Materials provided:
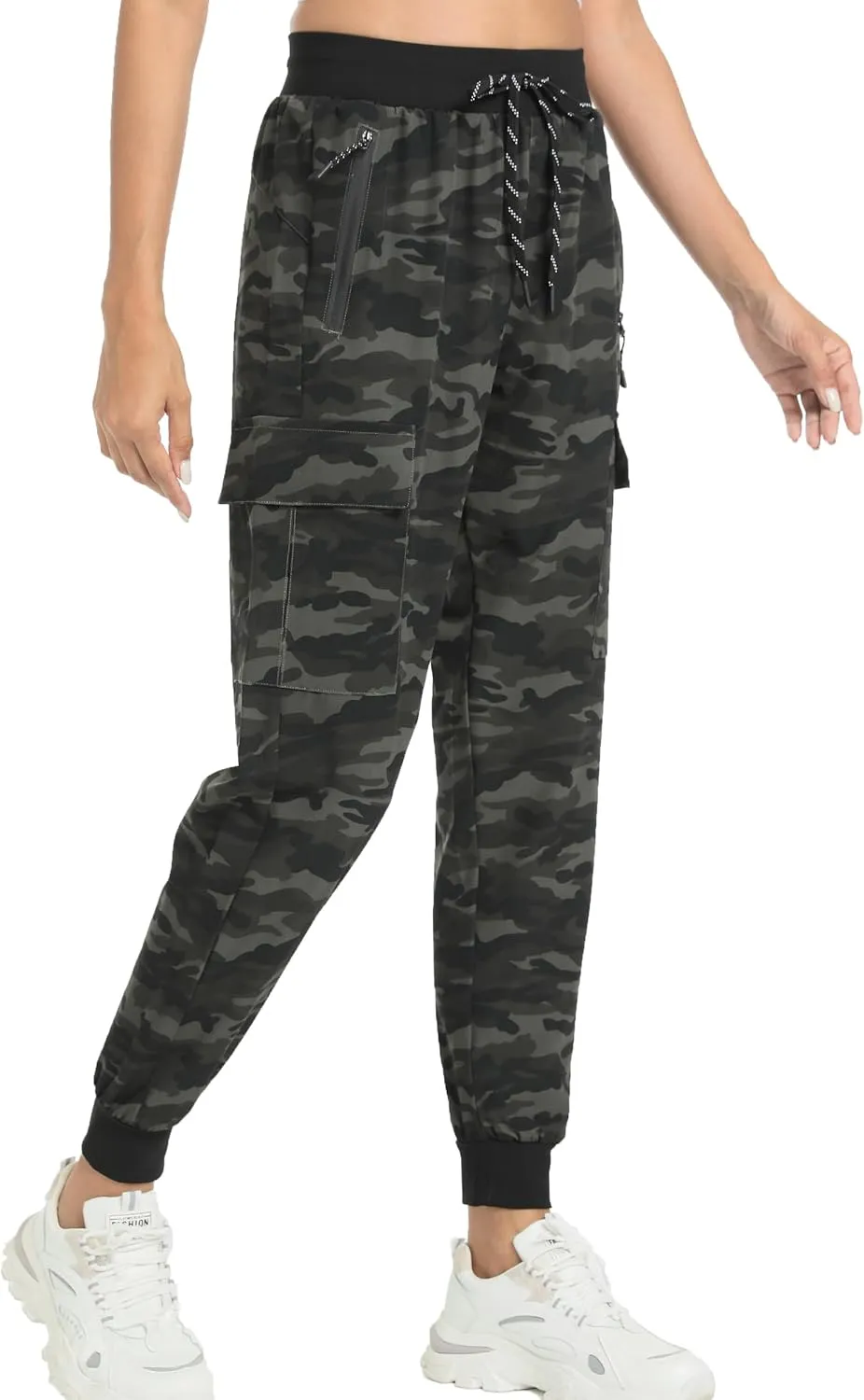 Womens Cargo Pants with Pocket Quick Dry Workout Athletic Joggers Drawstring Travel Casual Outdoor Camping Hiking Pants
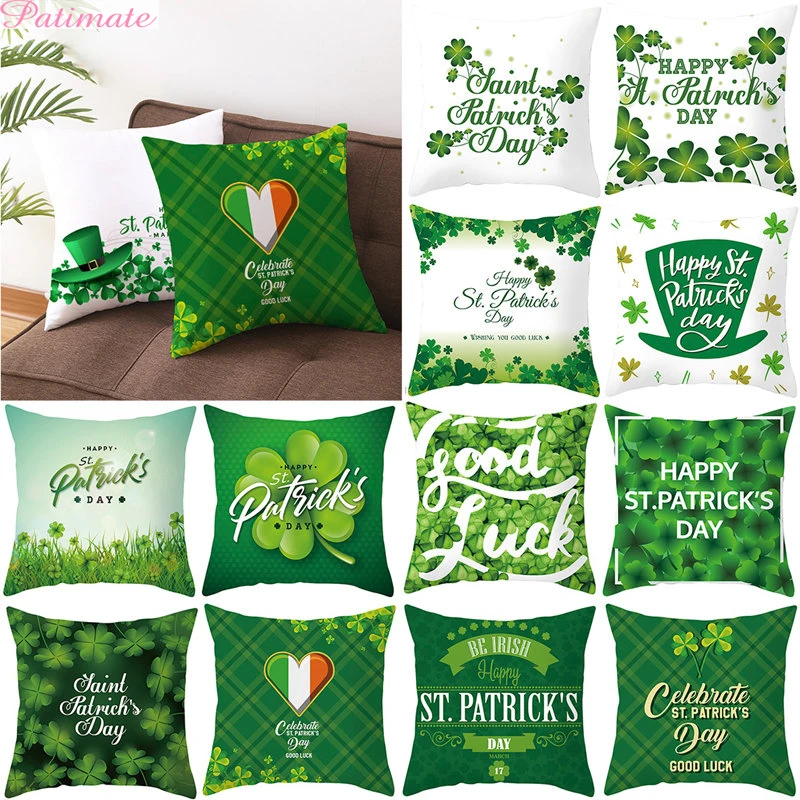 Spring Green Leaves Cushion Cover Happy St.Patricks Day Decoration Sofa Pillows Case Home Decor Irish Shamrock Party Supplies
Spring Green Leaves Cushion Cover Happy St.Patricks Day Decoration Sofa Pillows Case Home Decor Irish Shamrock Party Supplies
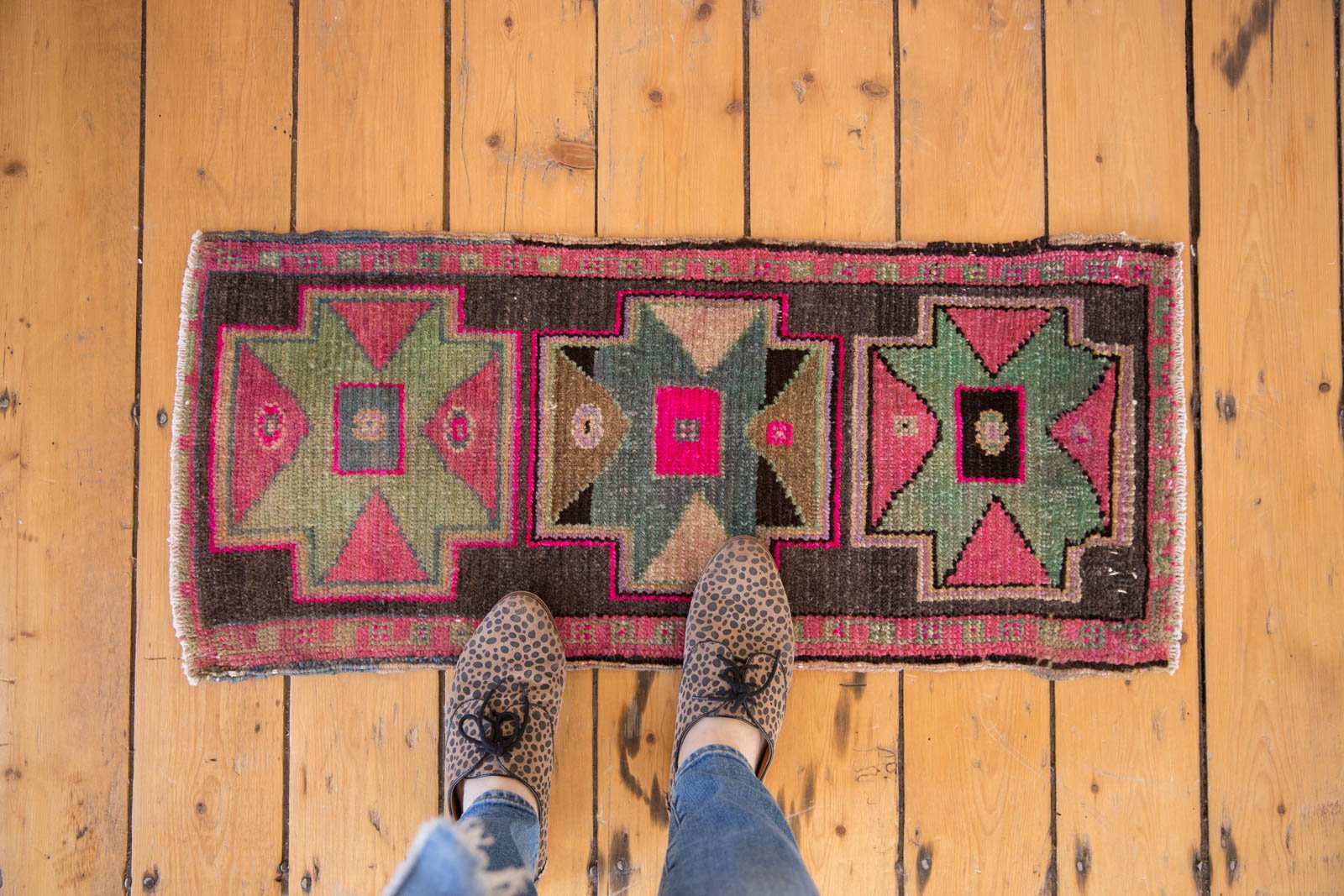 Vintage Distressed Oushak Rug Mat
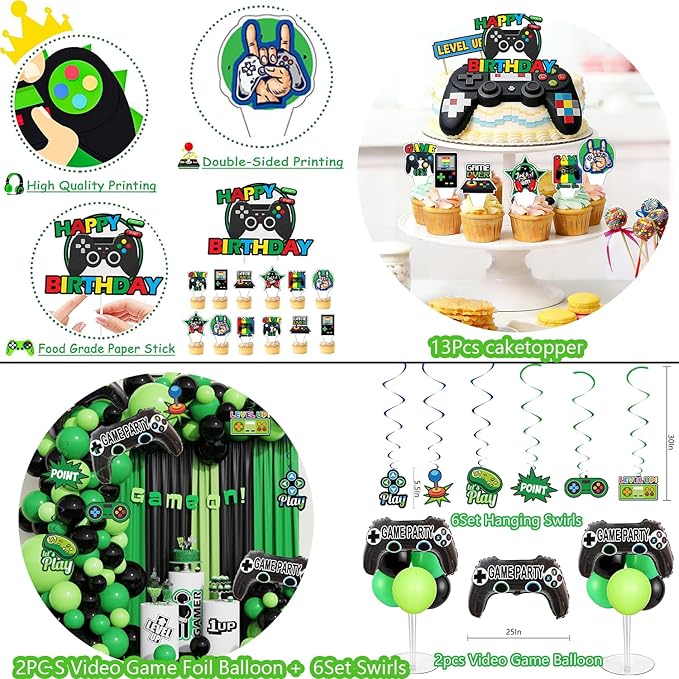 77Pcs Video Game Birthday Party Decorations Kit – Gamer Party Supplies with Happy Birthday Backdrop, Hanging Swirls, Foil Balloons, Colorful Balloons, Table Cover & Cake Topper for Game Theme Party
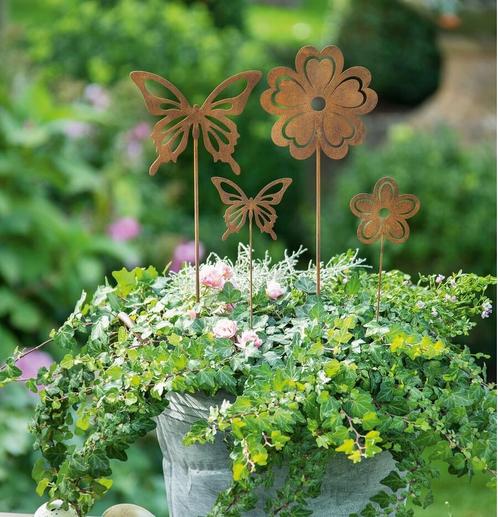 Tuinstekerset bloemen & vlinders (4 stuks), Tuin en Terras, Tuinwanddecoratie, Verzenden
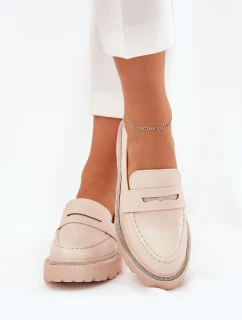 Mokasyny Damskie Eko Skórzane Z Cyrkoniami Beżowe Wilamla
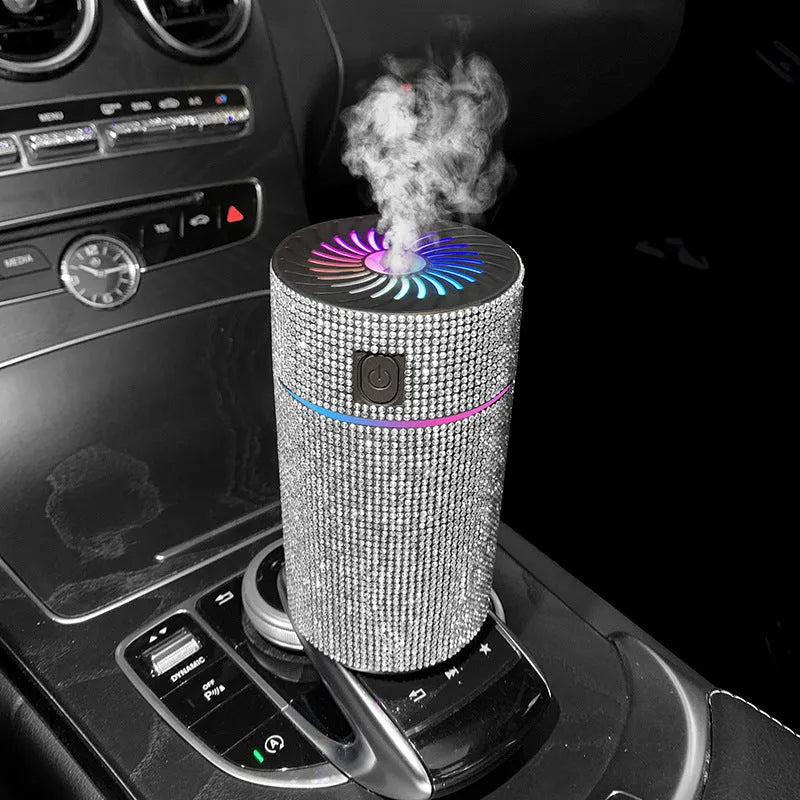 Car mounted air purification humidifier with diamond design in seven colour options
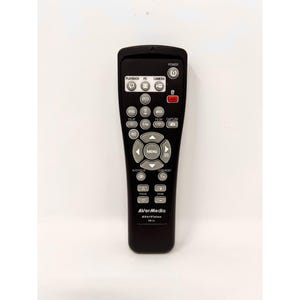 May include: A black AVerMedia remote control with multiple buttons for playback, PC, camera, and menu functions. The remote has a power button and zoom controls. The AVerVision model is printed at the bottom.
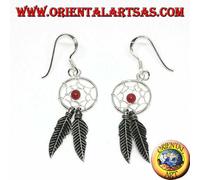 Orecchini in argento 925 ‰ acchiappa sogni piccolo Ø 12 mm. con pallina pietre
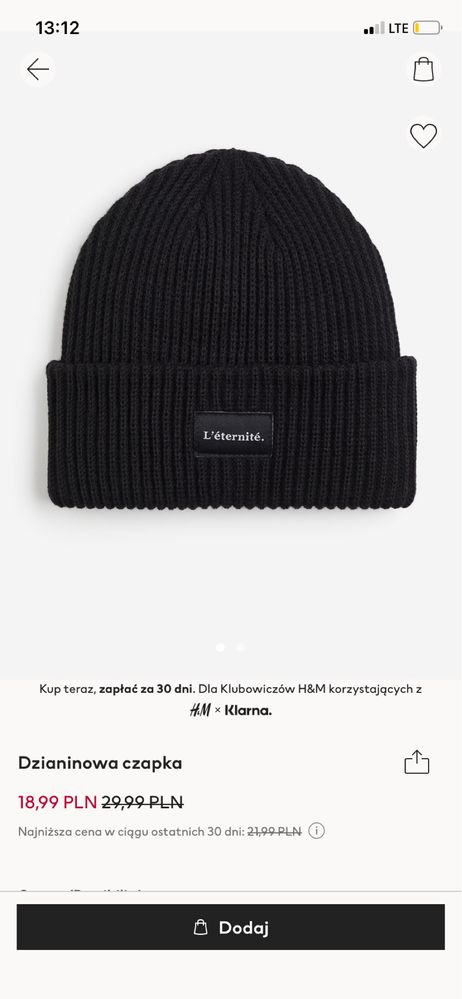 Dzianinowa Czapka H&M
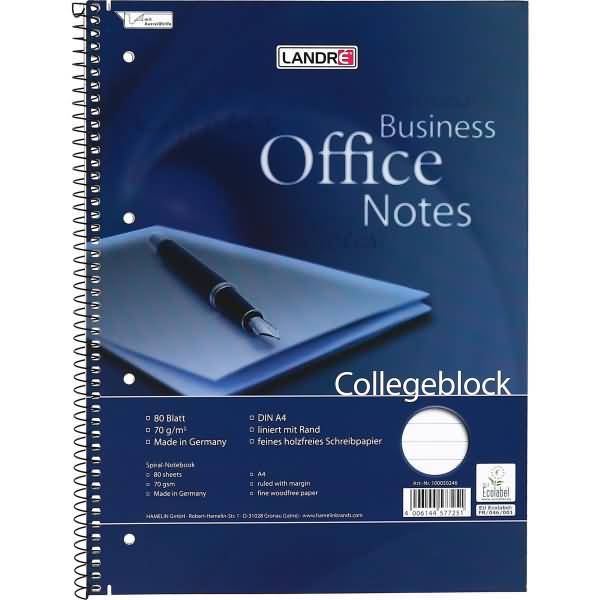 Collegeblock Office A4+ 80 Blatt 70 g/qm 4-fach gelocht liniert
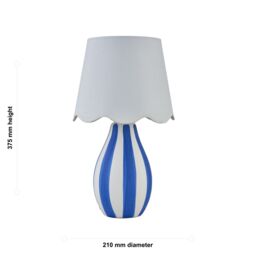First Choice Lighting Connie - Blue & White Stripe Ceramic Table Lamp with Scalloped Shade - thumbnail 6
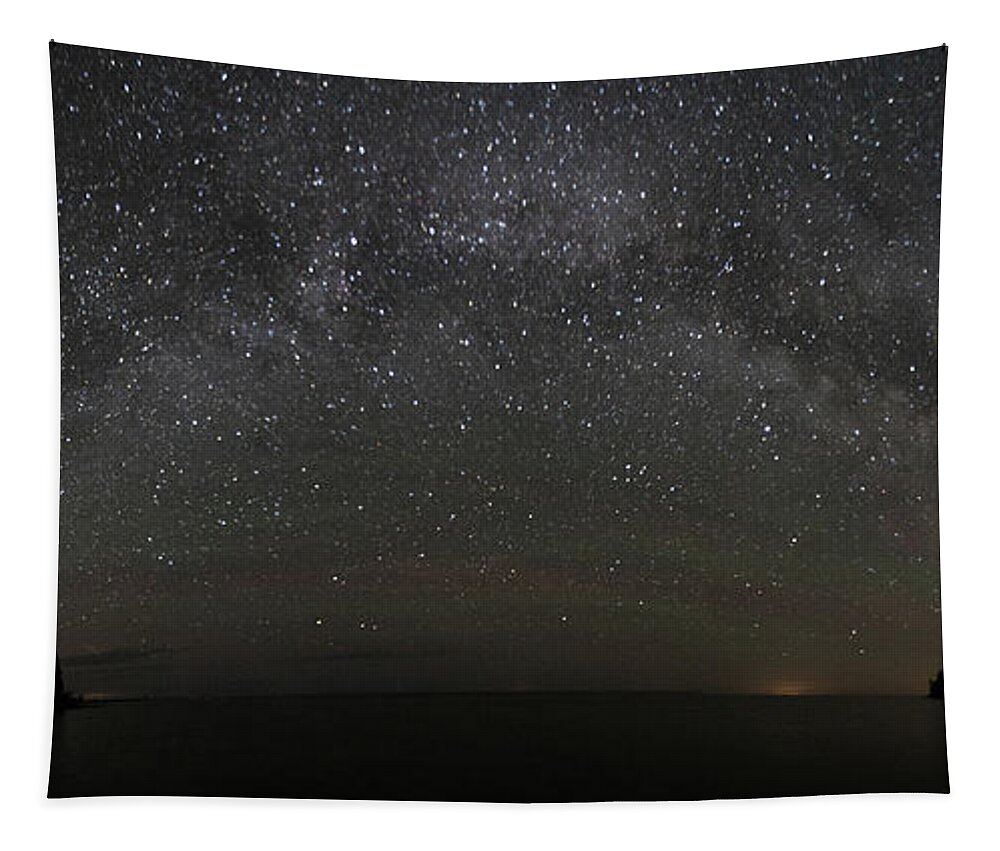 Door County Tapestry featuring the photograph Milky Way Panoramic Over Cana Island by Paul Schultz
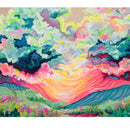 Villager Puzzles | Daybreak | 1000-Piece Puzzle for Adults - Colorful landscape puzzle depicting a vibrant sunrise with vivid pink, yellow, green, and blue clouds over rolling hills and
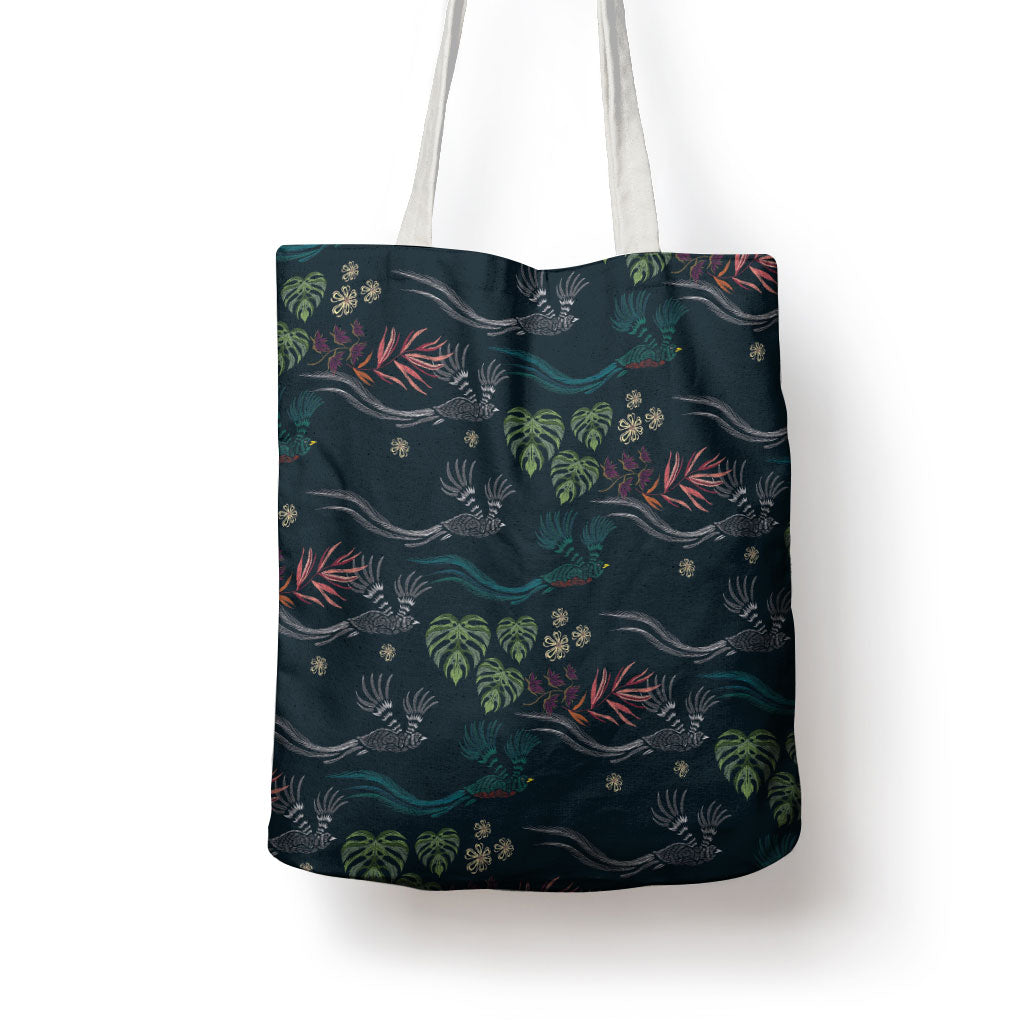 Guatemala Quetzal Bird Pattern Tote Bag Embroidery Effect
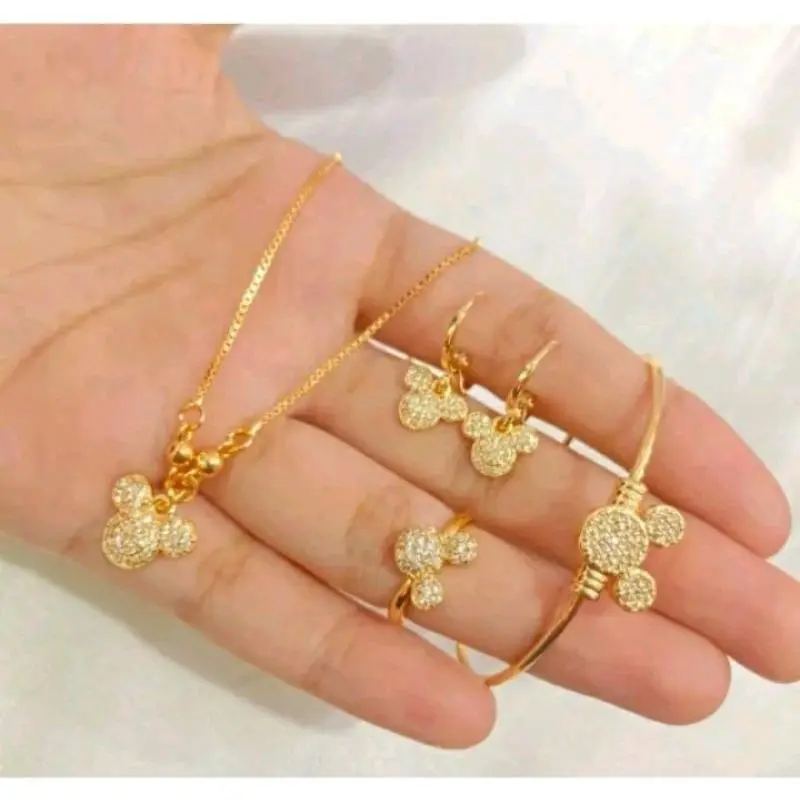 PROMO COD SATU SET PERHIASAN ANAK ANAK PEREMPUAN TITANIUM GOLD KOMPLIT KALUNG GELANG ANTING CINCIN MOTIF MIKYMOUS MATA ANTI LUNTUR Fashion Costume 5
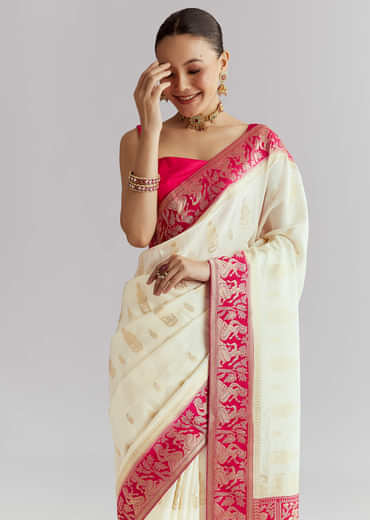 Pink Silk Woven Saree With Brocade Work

Problem statement:
Find the line with "Car mounted air" in the entries above. Set down exactly every line from it up to and including the line with "Door County Tapestry", images excluded.

Written answer:
 Car mounted air purification humidifier with diamond design in seven colour options
 May include: A black AVerMedia remote control with multiple buttons for playback, PC, camera, and menu functions. The remote has a power button and zoom controls. The AVerVision model is printed at the bottom.
 Orecchini in argento 925 ‰ acchiappa sogni piccolo Ø 12 mm. con pallina pietre
 Dzianinowa Czapka H&M
 Collegeblock Office A4+ 80 Blatt 70 g/qm 4-fach gelocht liniert
First Choice Lighting Connie - Blue & White Stripe Ceramic Table Lamp with Scalloped Shade - thumbnail 6
 Door County Tapestry featuring the photograph Milky Way Panoramic Over Cana Island by Paul Schultz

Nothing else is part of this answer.